**Information provided:**
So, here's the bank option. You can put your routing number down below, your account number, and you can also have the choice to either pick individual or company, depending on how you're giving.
* * *
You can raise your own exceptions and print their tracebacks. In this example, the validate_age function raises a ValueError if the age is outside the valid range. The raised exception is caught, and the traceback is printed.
* * *
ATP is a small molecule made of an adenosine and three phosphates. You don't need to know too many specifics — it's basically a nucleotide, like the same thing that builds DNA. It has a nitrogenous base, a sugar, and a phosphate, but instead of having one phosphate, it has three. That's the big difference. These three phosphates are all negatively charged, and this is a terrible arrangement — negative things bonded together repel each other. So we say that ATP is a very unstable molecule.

**Aim of the task:**
Tally the lines of the listing that hold the string "your", then reply with that number alone.

**Finished exercise:**
2